• _THE PROBLEM_
In the listing below, locate the line containing "Forest Stream with Birds Abstract Wall Art" and copy it and every line after it through the end, exactly as written, leaving out any pictures.

• _THE DATA_
-- Opening Marker --

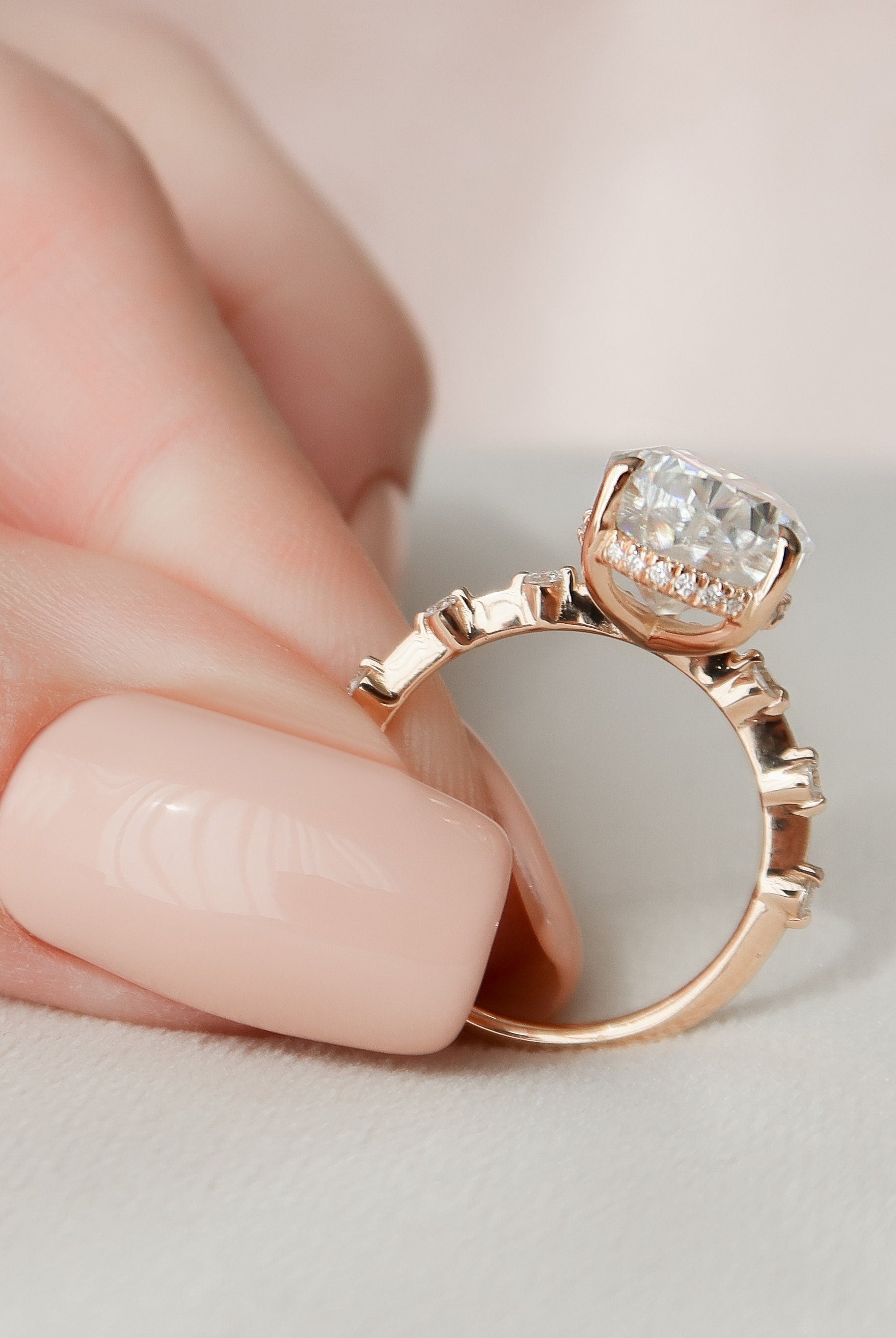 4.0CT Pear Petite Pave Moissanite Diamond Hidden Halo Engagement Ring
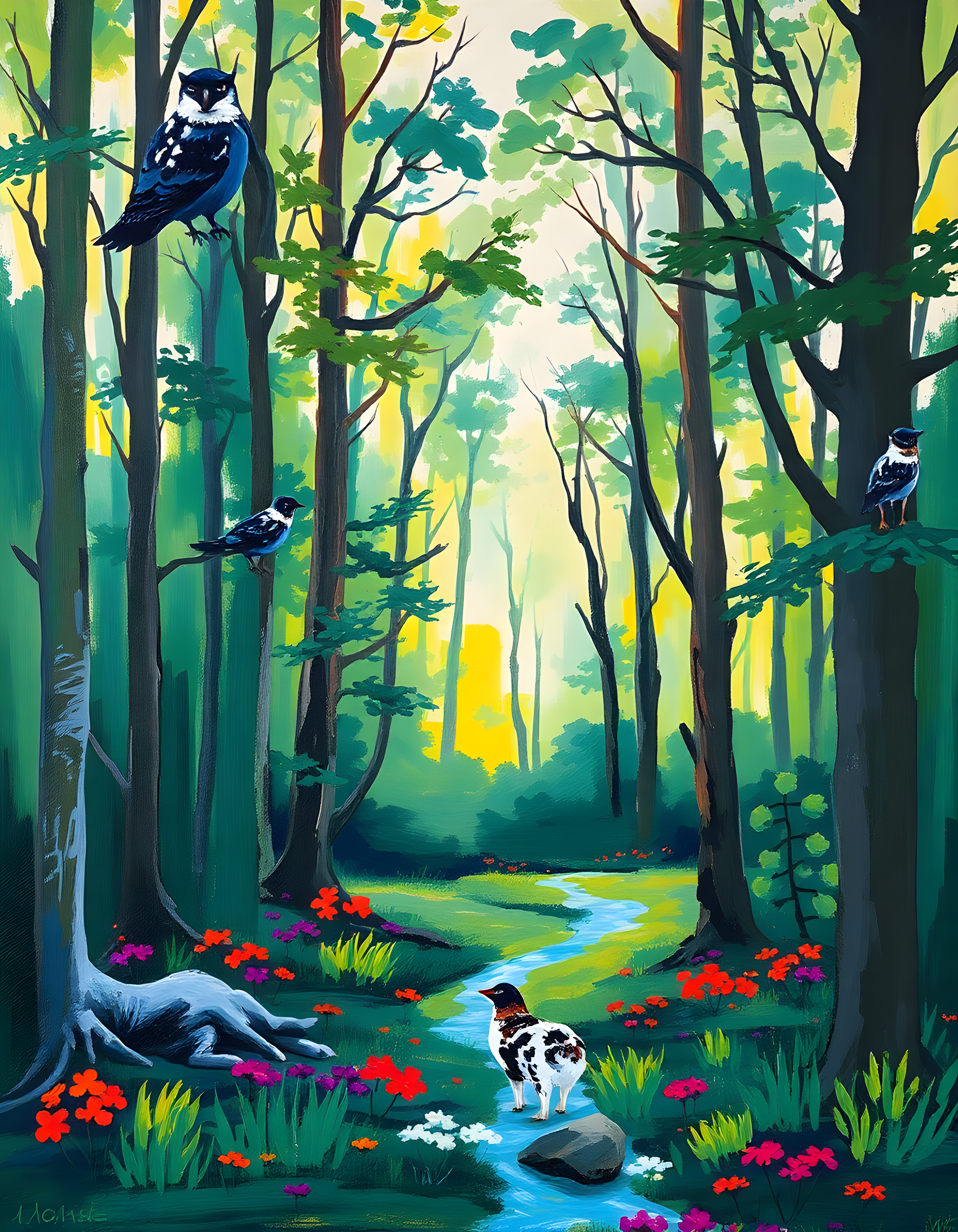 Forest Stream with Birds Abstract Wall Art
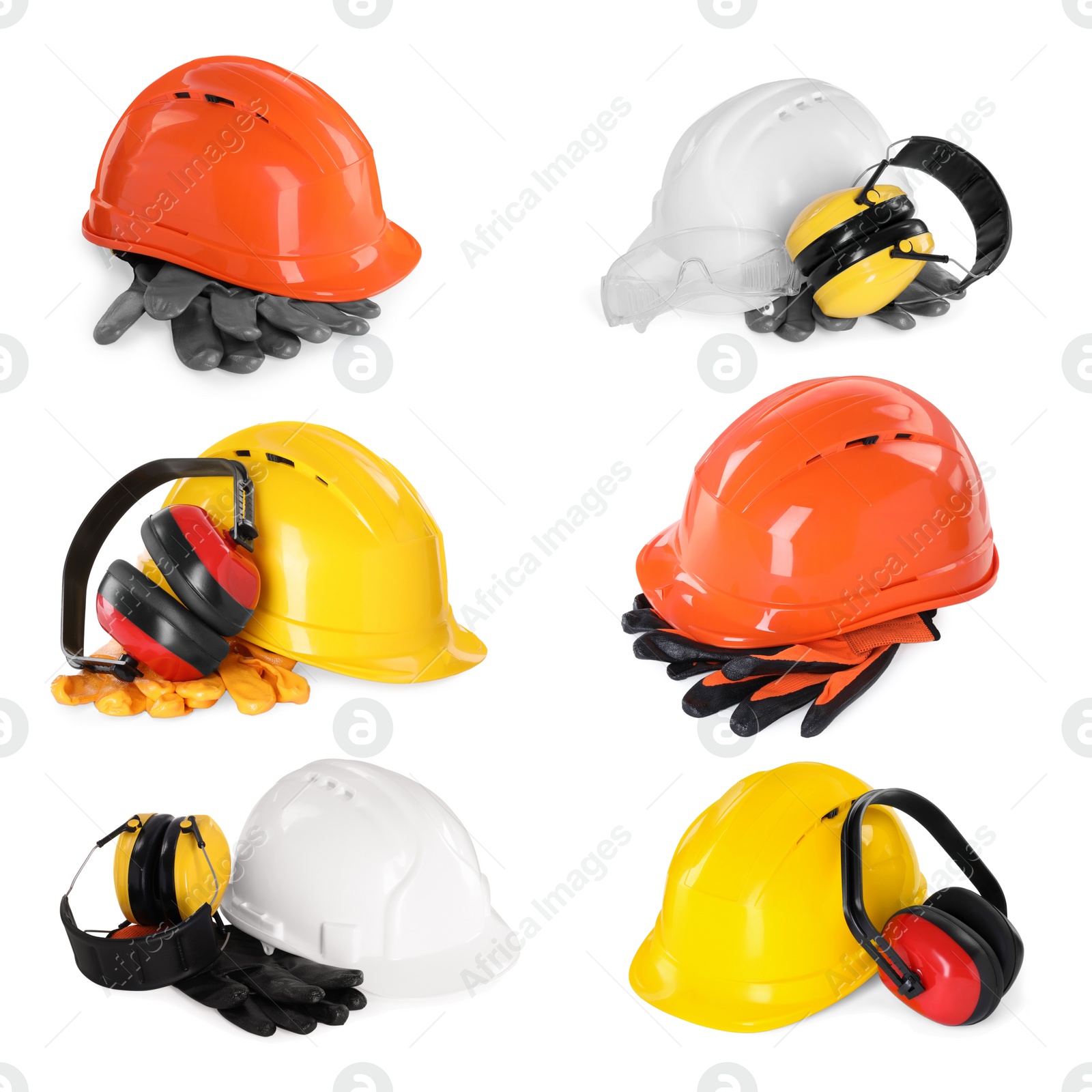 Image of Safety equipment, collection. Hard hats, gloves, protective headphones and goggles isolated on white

-- Closing Marker --

• _TASK ANSWER_
 Forest Stream with Birds Abstract Wall Art
 Image of Safety equipment, collection. Hard hats, gloves, protective headphones and goggles isolated on white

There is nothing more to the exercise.